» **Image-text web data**
BEGIN

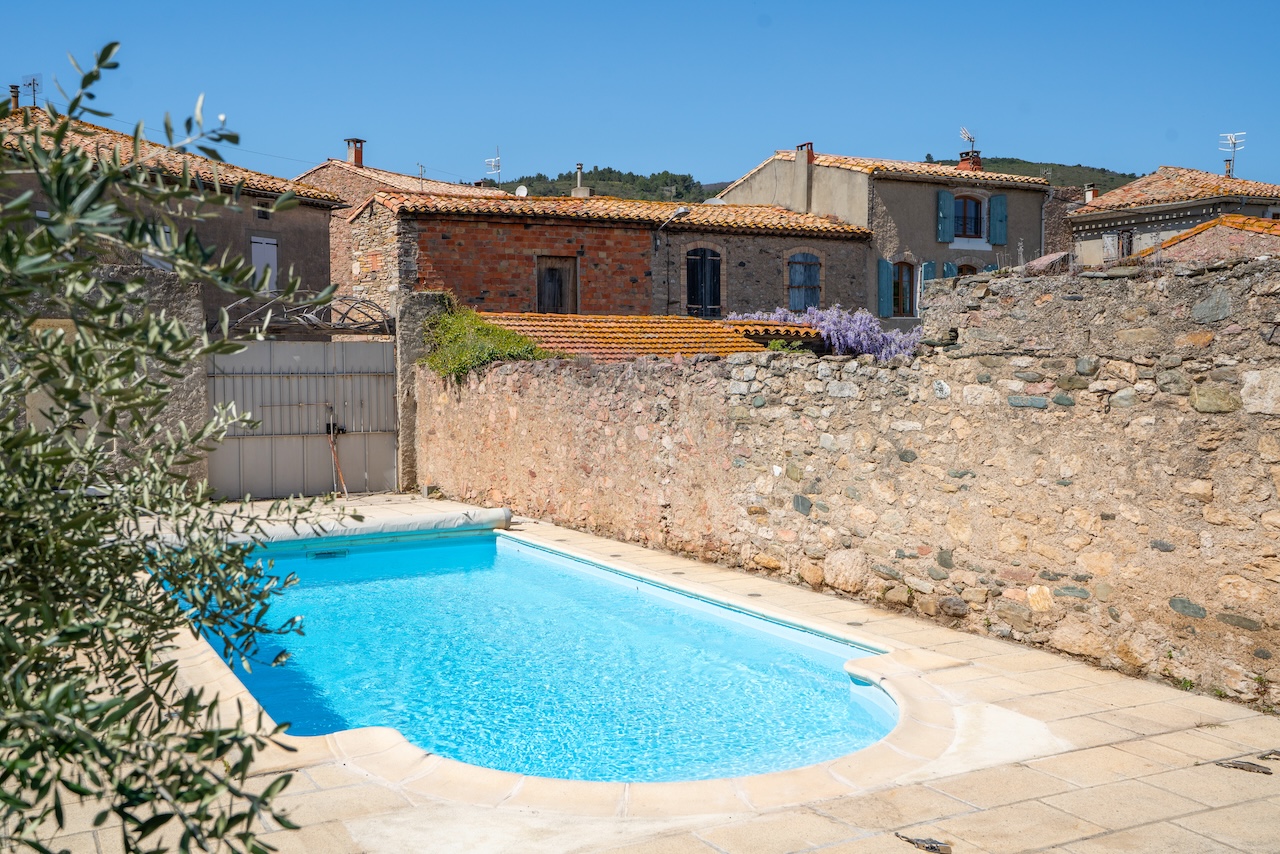 Maison de village à vendre  - 7 pièce(s) - 230m2 - Caunes-minervois (11160)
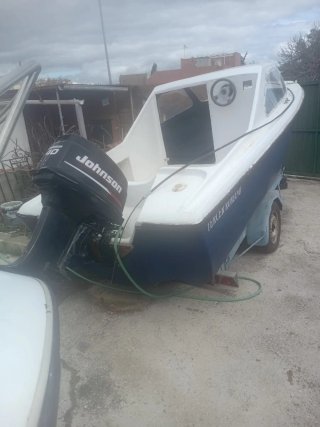 Barco con motor y remolque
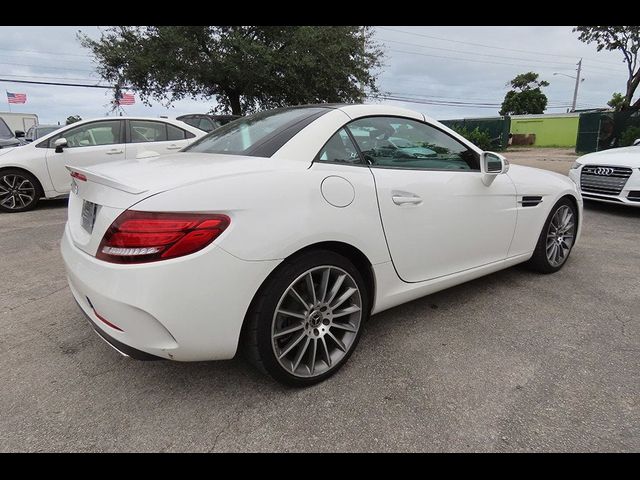 2017 Mercedes-Benz SLC 300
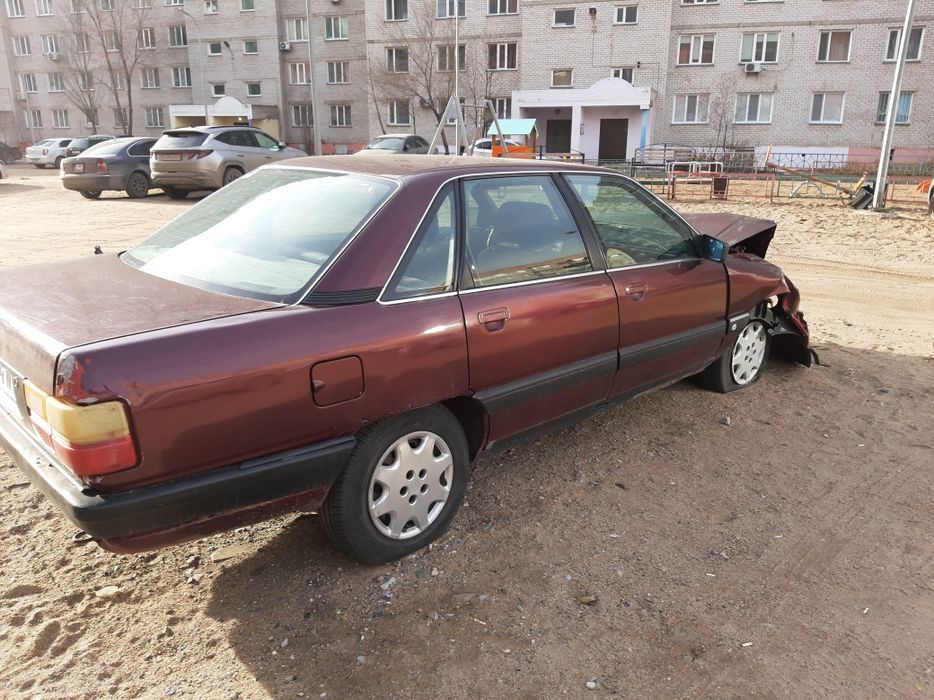 Продам ауди позапчестям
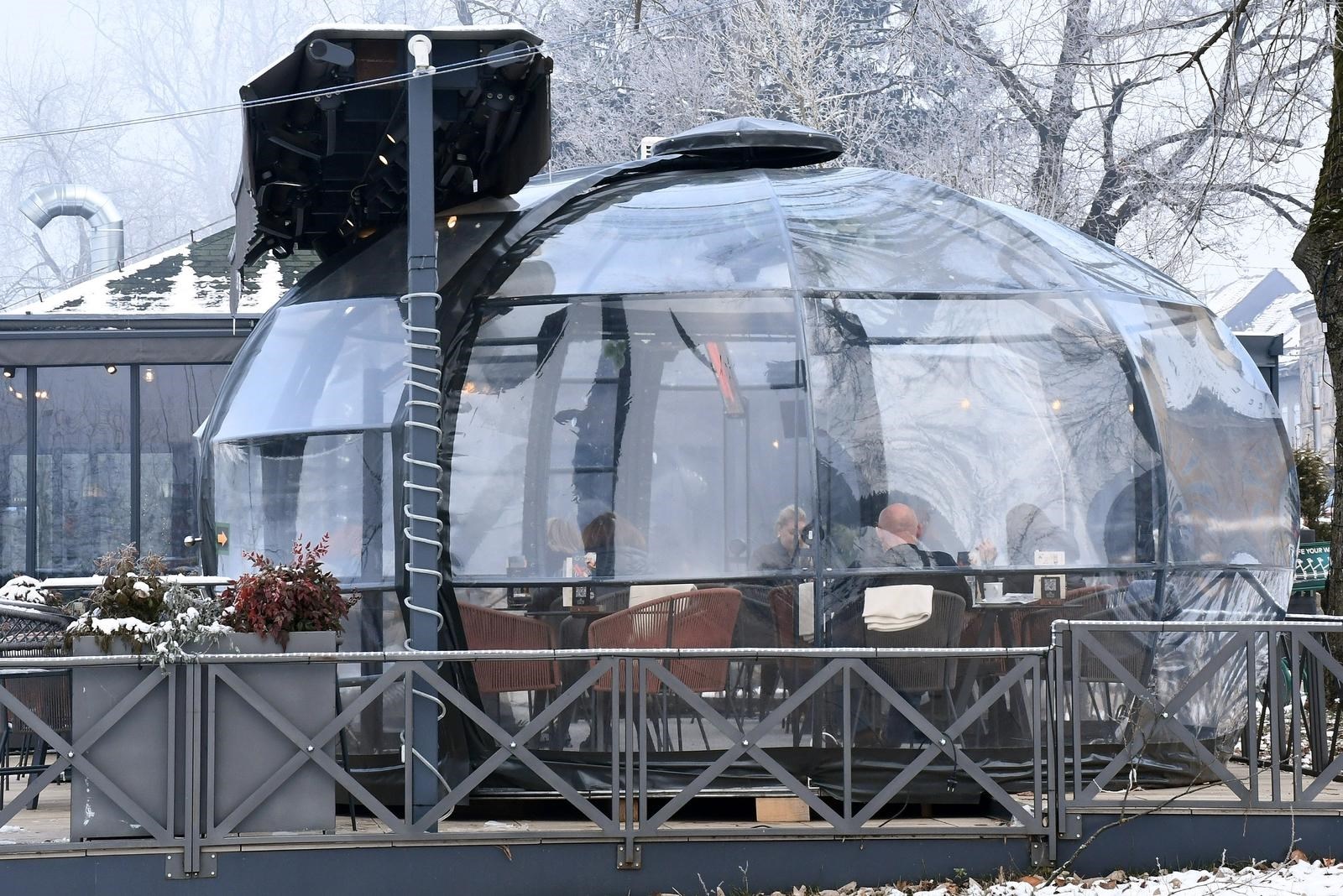 Siščani ovih dana kavu piju u - "igluu"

END

» **Assignment**
Every line from the one containing "Barco con motor y remolque" through the end of the entries above is to be copied exactly; pictures are to be left out.

» **Finished exercise**
 Barco con motor y remolque
 2017 Mercedes-Benz SLC 300
 Продам ауди позапчестям
 Siščani ovih dana kavu piju u - "igluu"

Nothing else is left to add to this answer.